"CellTrace Violet is the best reagent for tracking proliferation in any amenable cell type by fluorescent dye dilution and flow cytometry. Compared to CFSE which is cytotoxic to cells when used at higher concentrations, CellTrace Violet labels cells brightly, with low toxicity and is faithfully distributed to daughter cells ensuring the best possible peak resolution.”
—Andrew Filby, Flow Cytometry Core Facility Manager and ISAC SRL Emerging Leader, Newcastle University
CellTrace Cell Proliferation Kits contain a cell-permeant nonfluorescent ester of an amine-reactive fluorescent molecule, which enters cells by diffusion through the plasma membrane. Upon entry into the cell, the nonfluorescent molecule is converted to a fluorescent derivative by cellular esterases. The active succinimydyl ester covalently binds to amine groups in proteins, resulting in long-term dye retention within the cell.
Through subsequent cell divisions, daughter cells receive approximately half of the fluorescent label of their parent cells, allowing the analysis of the fluorescence intensities of cells labeled and grown in vivo.
Analysis of the level of fluorescence in the cell populations by flow cytometry permits the determination of the number of generations through which a cell has progressed since the label was applied (Figure 1).
Figure 1. Mechanism of cell labeling. (A) Illustration of proliferation analysis by dye dilution. (B) Flow cytometric analysis reveals a bright, homogenous fluorescent signal from the initial population of cells. Subsequent cell divisions result in larger numbers of cells, each with half the fluorescence intensity of its parent cell.

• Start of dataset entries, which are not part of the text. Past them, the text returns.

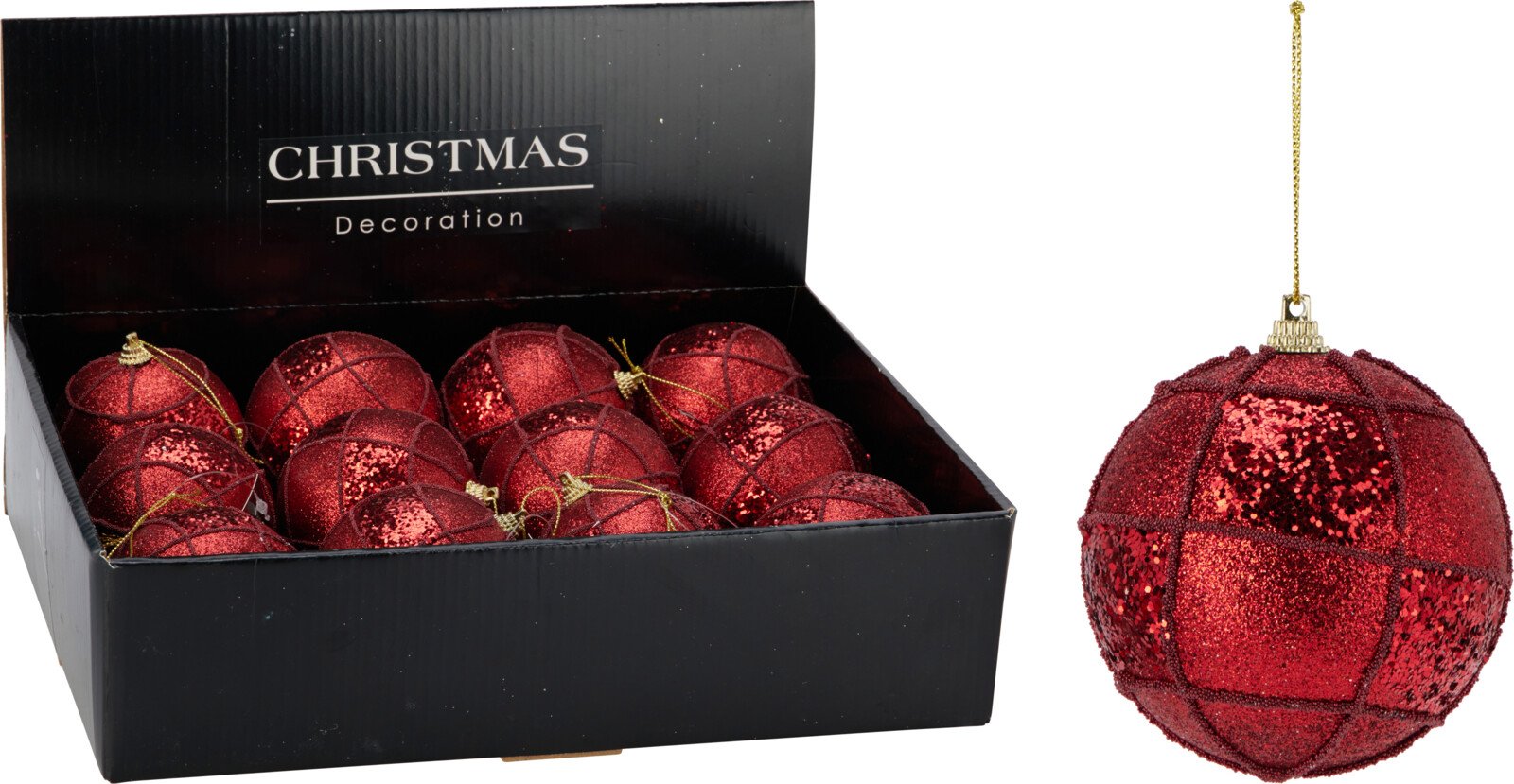 Eglutės žaisliukas, raudonos sp., su linijomis ir blizgučiais, skersmuo 8 cm.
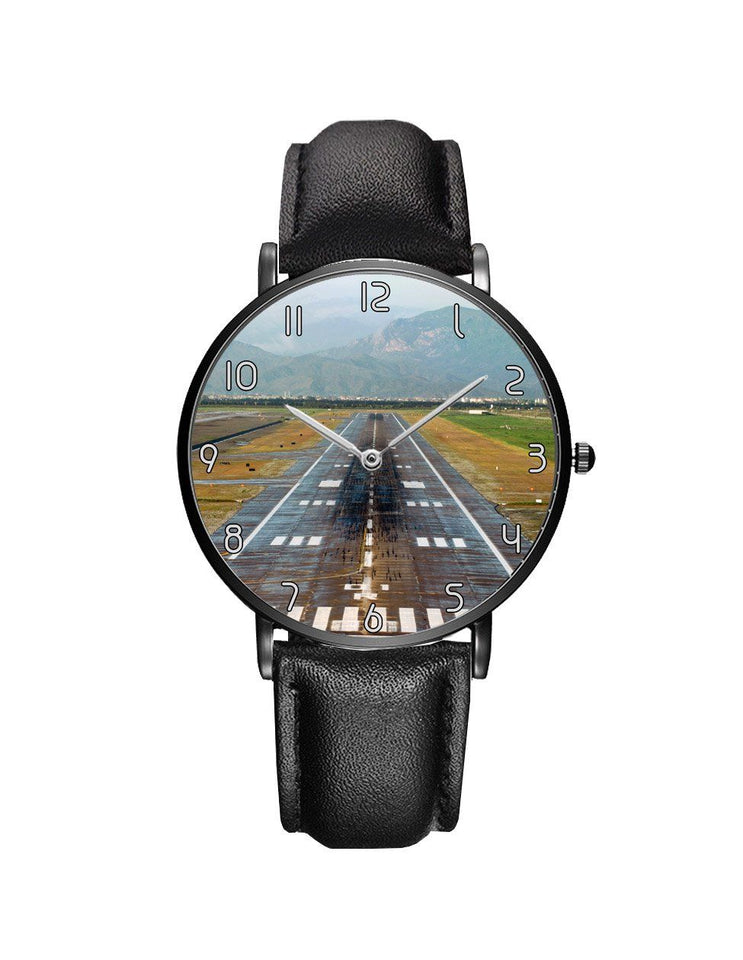 Mountain View and & Runway Leather Strap Watches Aviation Shop Black & Black Leather Strap 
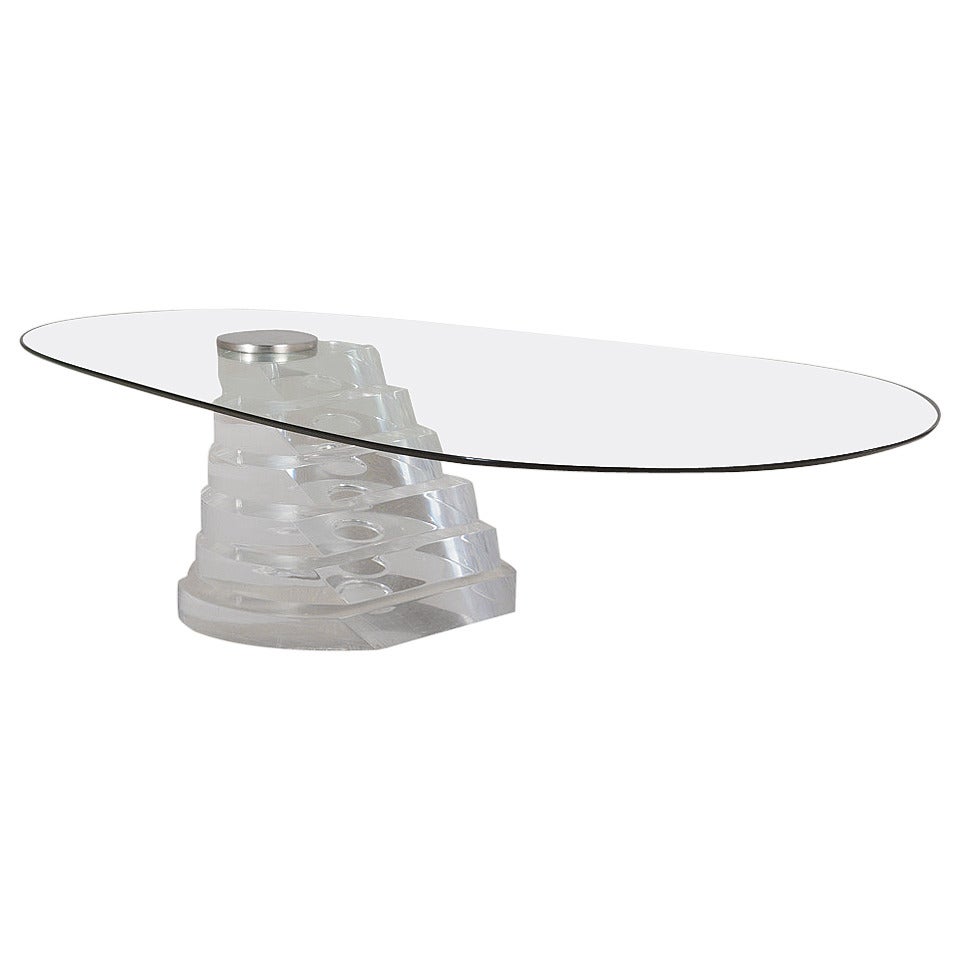 Superb Stacked Lucite Cantilevered Coffee Table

Sensitive detection of cell populations
The CellTrace stains have been detected after in vitro labeling for several days, or approximately 7–8 division cycles, before being overwhelmed by the natural autofluorescence of the cells. Up to 10 cell divisions have been observed using the CellTrace Violet Cell Proliferation Kit on a violet laser–equipped flow cytometer (Figure 2).
Figure 2. Stained human lymphocytes. Human CD8+ T lymphocytes stained with 10 µM CellTrace Violet followed by incubation in Gibco OpTmizer T cell Expansion Medium at 37°C for 7 days. Cells were stimulated with 200 ng mouse anti-human CD3 antibody and 100 ng interleukin-2 per milliliter cells.
More flexibility in multiplexed experiments
The CellTrace Cell Proliferation Kits are available for the violet, blue, yellow (561 nm), and red lasers (Figure 3), allowing researchers to analyze cell proliferation in combination with other live-cell applications (i.e., immunophenotyping, cell sorting, and cell-cycle analysis), maximizing the information that can be collected in a single experiment, with minimal compensation.
CellTrace Violet (Figure 4) and CellTrace Far Red are also compatible with commonly used green-fluorescent dyes like FITC and Invitrogen Alexa Fluor 488, or with green fluorescent proteins (i.e., GFP).
Figure 3. Generational tracing using CellTrace reagents. Cell proliferation was followed for varying numbers of generations under different experimental conditions using (A) CellTrace Violet reagent in human peripheral blood mononuclear cells (PBMCs) stimulated for 7 days; (B) CellTrace CFSE reagent in human T lymphocytes stimulated for 5 days; (C) CellTrace Yellow reagent in human PBMCs stimulated for 11 days; and (D) CellTrace Far Red reagent in human T lymphocytes stimulated for 5 days. PBMCs were stimulated with anti-human CD3 antibody (Cat. No. MHCD0300) and interleukin-2 (Cat. No. PHC0027) while human T lymphocytes were stimulated with anti-human CD3 antibody (Cat. No. MHCD0300) alone. Unstimulated parent generations are represented by (A) red peak; (B) blue peak and (C) and (D) purple peak. Dead cells were excluded from each data group using SYTOX dead cell stains. Analyses performed using an Attune Flow Cytometer for three of the reagents with the following excitation: bandpass emission filter for each: 405 nm: 450/40 nm for CellTrace Violet detection; 488 nm: 530/30 nm for CellTrace CFSE detection; and 638 nm: 660/20 nm for CellTrace Far Red detection. CellTrace Yellow reagent analysis was performed on the Attune NxT Flow Cytometer using excitation at 561 nm and detection with 585/16 nm bandpass emission filter.
Figure 4. Compatibility of CellTrace Violet stain. Demonstration of the spectral compatibility of CellTrace Violet with GFP in cultured asynchronous osteosarcoma cells. (A) Unstained cells without GFP expression. (B) Unstained cells stably expressing GFP. (C) Cells stained with 5 µM CellTrace Violet stain, without GFP expression. (D) GFP-expressing cells stained with 5 µM CellTrace Violet stain.